Dans une décision publiée le 16 mars, l’autorité de la concurrence a infligé à Apple et deux grossistes, une amende de 1,24 milliard d’euros en tout pour entente économique dans son réseau de revendeurs et d’abus de dépendance économique.  Une sanction qui arrive alors que l’entreprise est actuellement poursuivie par Spotify devant la Commission européenne pour abus de position dominante.

Apple condamné pour trois pratiques anticoncurrentielles

L’affaire remonte à 2009 : eBizcuss, principal distributeur de produits Apple et spécialisé dans le haut de gamme depuis début 2000, reproche à la marque à la pomme de favoriser les Apple Store, arrivés en France en 2001. En 2012 l’entreprise fait faillite et décide de porter plainte pour « abus de position dominante », « abus de dépendance économique » et « concurrence déloyale ».

L’enquête menée à la suite de ces plaintes a entraîné une perquisition de 24 heures dans les locaux d’Apple en 2013. À terme, le géant du numérique est condamné à 1,1 milliard d’euros d’amendes pour, au sein de son réseau de distribution, s’être adonné à trois pratiques anticoncurrentielles.

– Apple s’est entendu avec deux grossistes, leaders mondiaux du commerce de gros produits électroniques, Tech Data et Ingram Micro.

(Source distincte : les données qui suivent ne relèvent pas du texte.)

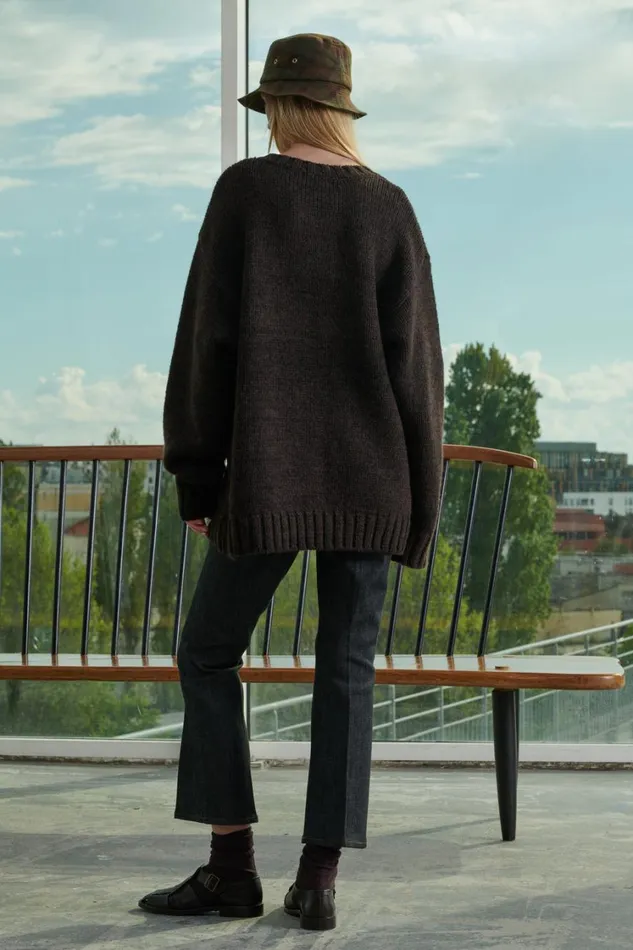 Women VADIM JUMPER Brown Soeur Jumpers and Cardigans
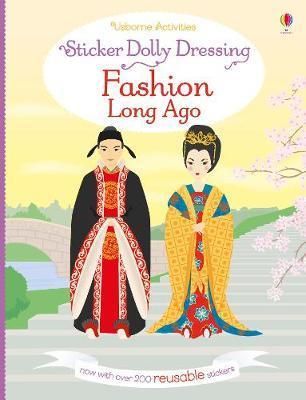 Sticker Dolly Dressing: Fashion Long Ago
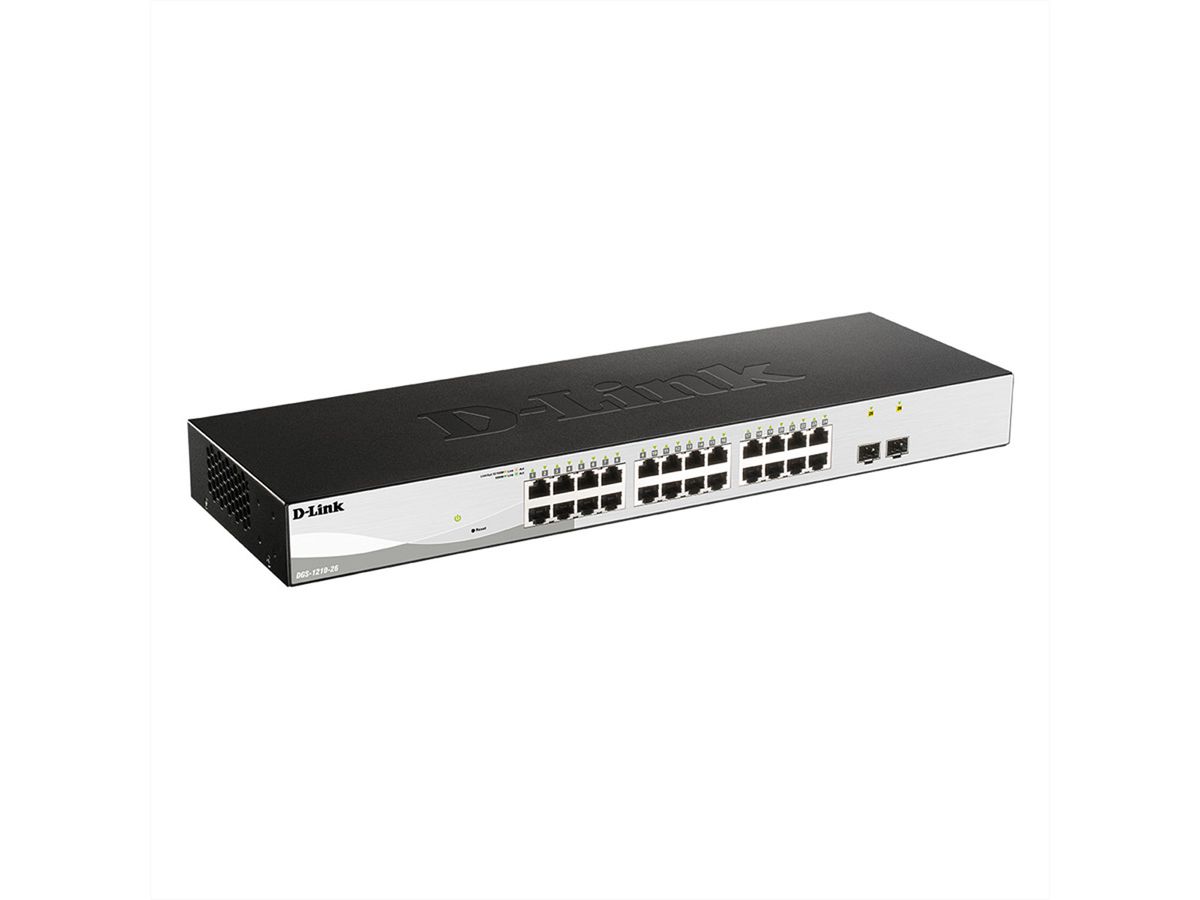 D-Link DGS-1210-26 Switch Gigabit 26 ports Layer2 Smart Managed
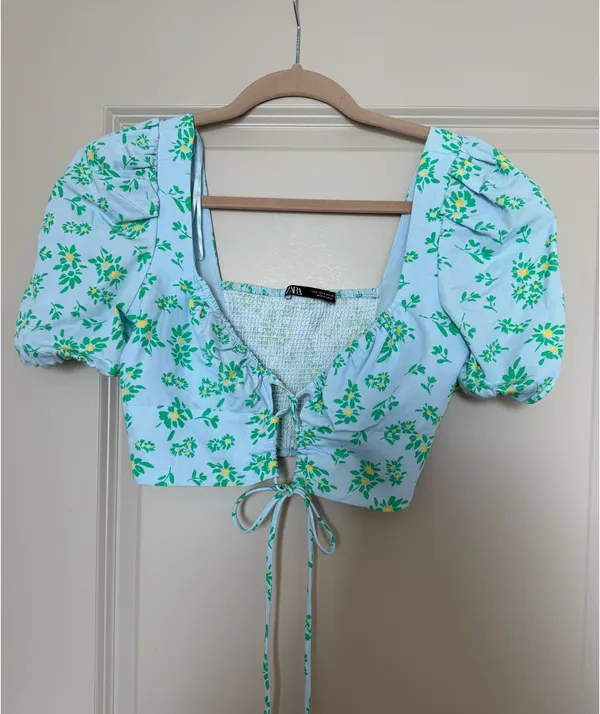 ZARA Floral Top - Image 3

Pour avoir accepté la décision de se répartir les clients d’Apple selon ses souhaits, les deux grossistes censément concurrents ont écopé, pour le premier d’une amende de 76,1 millions d’euros et le second 62,9 millions. Isabelle de Silva, présidente de l’Autorité de la concurrence à déclarer, « Apple et ses deux grossistes se sont entendus pour ne pas se faire concurrence et empêcher les distributeurs de faire jouer la concurrence entre eux, stérilisant ainsi le marché de gros des produits Apple. ». Les faits portent sur la période de 2005 à 2013.

– Un prix imposé pour les revendeurs premium. Ces derniers, comme eBizcuss sont ceux qui se sont spécialisés dans la distribution de produits Apple, en effectuant leur promotion. Le prix imposé a conduit à un alignement de leurs prix avec ceux des Apple Store. Toute promotion non acceptée en amont par l’entreprise de Cupertino pouvait entrainer des représailles.

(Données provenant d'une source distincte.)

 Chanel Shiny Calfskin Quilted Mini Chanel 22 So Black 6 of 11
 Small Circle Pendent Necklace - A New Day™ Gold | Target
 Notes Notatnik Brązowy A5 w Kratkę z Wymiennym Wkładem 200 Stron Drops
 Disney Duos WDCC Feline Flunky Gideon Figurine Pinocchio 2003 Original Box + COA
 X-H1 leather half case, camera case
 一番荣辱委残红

– Un abus de dépendance économique vis-à-vis des revendeurs premium jugé « particulièrement grave » par l’Autorité. Concrètement l’approvisionnement des revendeurs a été rendu compliqué, notamment pour les nouveaux produits. Les contrats des revendeurs premium étaient également faits pour accentuer cette dépendance, avec l’interdiction, par exemple, pour ses revendeurs d’ouvrir un magasin spécialisé dans la vente de produits concurrents, jusqu’à six mois après la fin du contrat avec Apple.

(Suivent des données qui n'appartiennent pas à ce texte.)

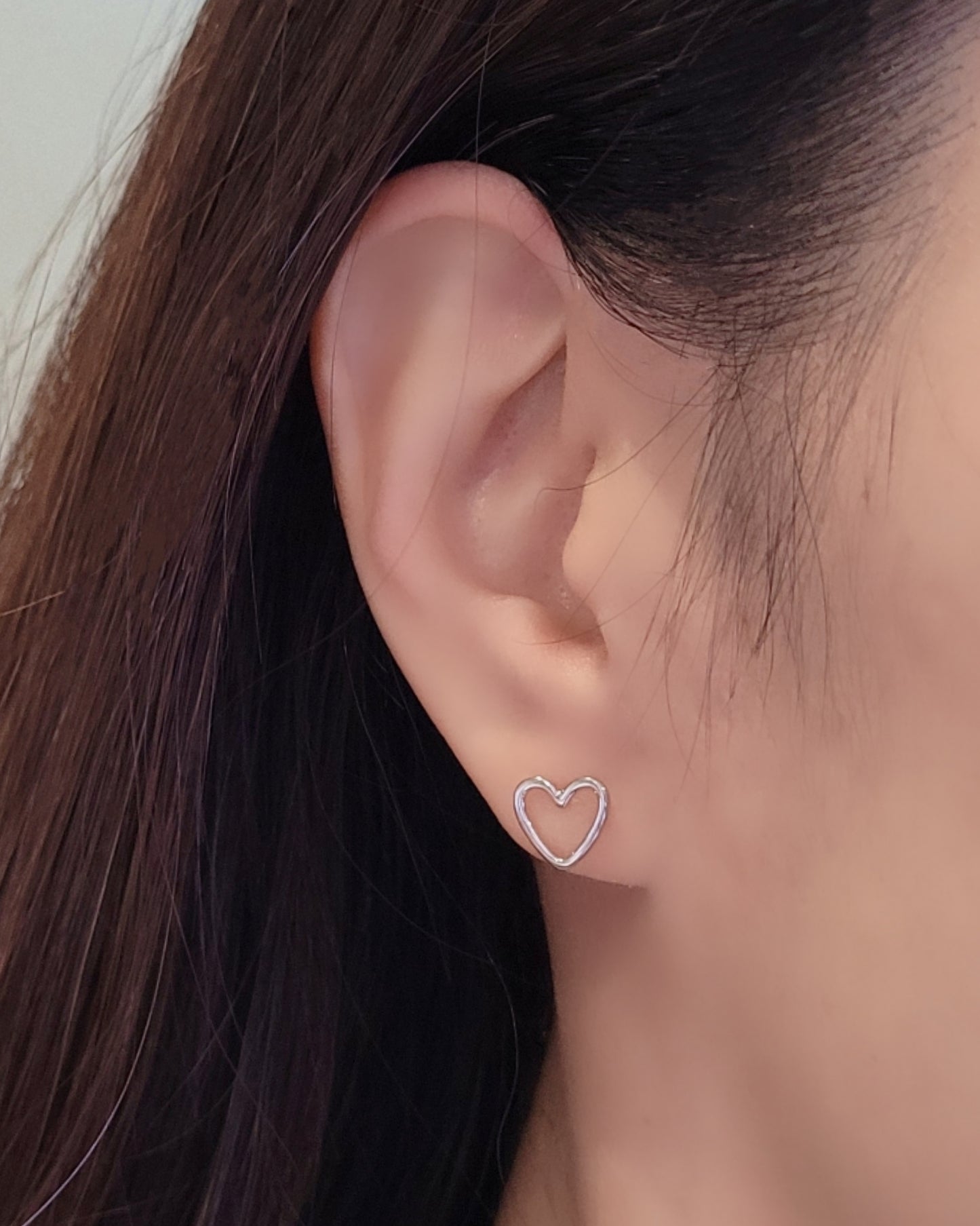 Open Heart Ear Studs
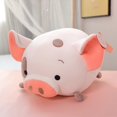 thumbnail image 1 of Chubby Japanese Doll Cute Soft Dinosaur Piggy Elephant Dog Husky Pillow Plush Stuffed Toy Gift to Girl Child Couple Decorationwhite pig45 Deng Xun unisex, 1 of 2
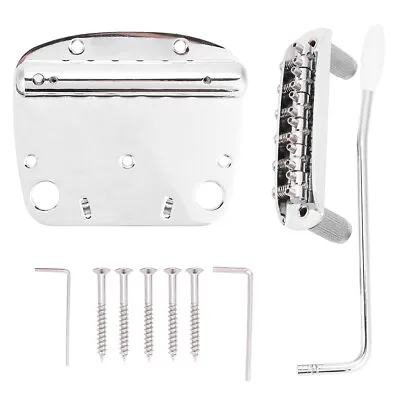 New Tremolo Vibrato Tailpiece Bridge Set For Mustang Guitar Professional Parts • $27.47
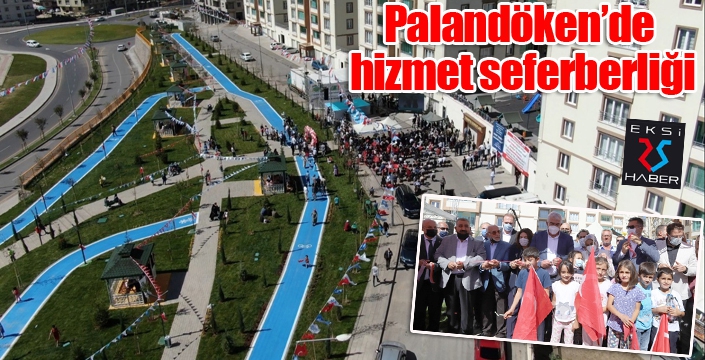 Palandöken’de hizmet seferberliği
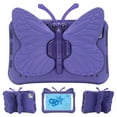 thumbnail image 1 of Allytechgroup Kids Case for Samsung Galaxy Tab A11 2025/A9 2023/A7 Lite 2021 8.7", Cute Butterfly Rotating Stand Lightweight Kids Friendly Shockproof Case for Children, Purple, 1 of 6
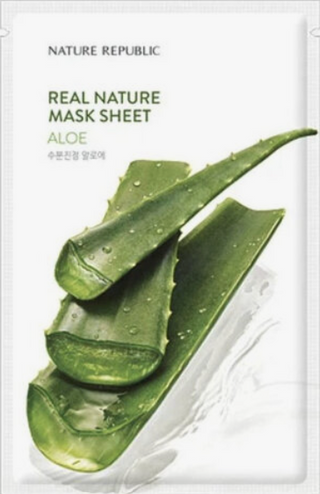 Real Nature Aloe - Masque Tissu Apaisant - 1 Pièce - Nature Republic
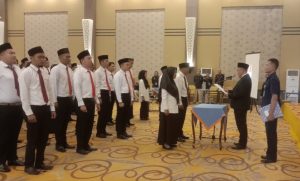 KPU Kota Metro Lantik Dan Berikan Bimtek 66 Anggota PPS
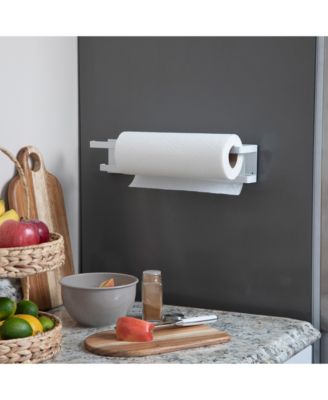 Metal Magnetic Paper Towel Holder, Grey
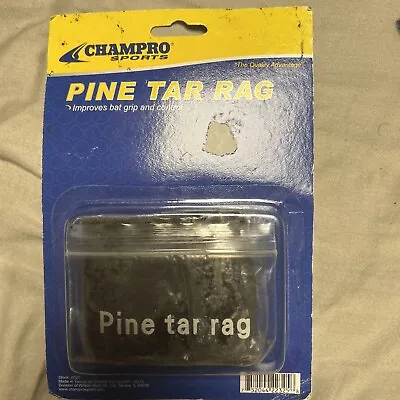 Champro Sports Pine Tar Rag For Baseball Bat Grip Vintage New Old Stock • $3.99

Apple abus de position dominante

Crédit : Autorité de la concurrence

Dans un communiqué, l’entreprise la plus riche du monde considère la décision de l’Autorité « extrêmement regrettable ». Elle note que les faits « remontent à plus de dix ans et ignorent trente ans de principes de droits solidement établis sur lesquels l’ensemble des entreprises en France s’appuient ». Visiblement remonté Apple prévient, « nous sommes en profond désaccord avec cette décision et prévoyons de faire appel ».